_DATASET RECORDS_.
•••
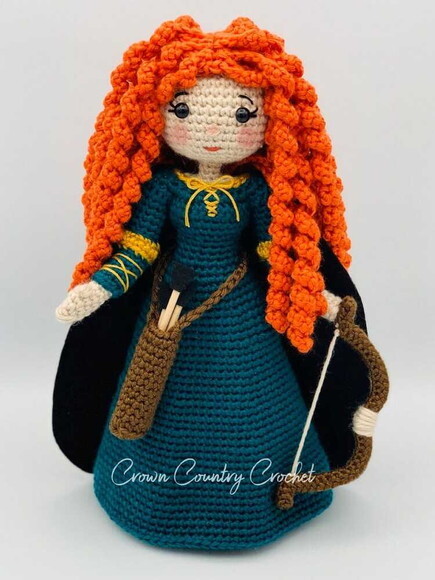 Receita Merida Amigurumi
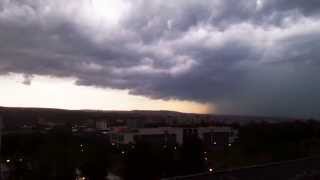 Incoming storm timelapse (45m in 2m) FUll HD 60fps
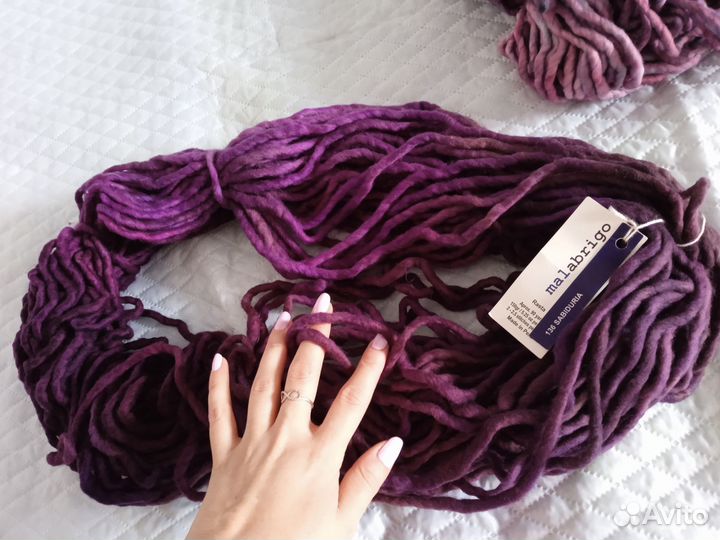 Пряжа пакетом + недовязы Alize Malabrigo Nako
•••
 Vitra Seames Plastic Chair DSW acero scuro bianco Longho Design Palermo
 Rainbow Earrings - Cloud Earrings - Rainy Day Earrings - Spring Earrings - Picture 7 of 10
•••
_WORK TO BE COMPLETED_. Leaving each picture behind, please give again exactly the lines above from the one with "Receita Merida Amigurumi" through the one with "Пряжа пакетом +", both included, and no others.

_ANSWER BOX_.
 Receita Merida Amigurumi
 Incoming storm timelapse (45m in 2m) FUll HD 60fps
 Пряжа пакетом + недовязы Alize Malabrigo Nako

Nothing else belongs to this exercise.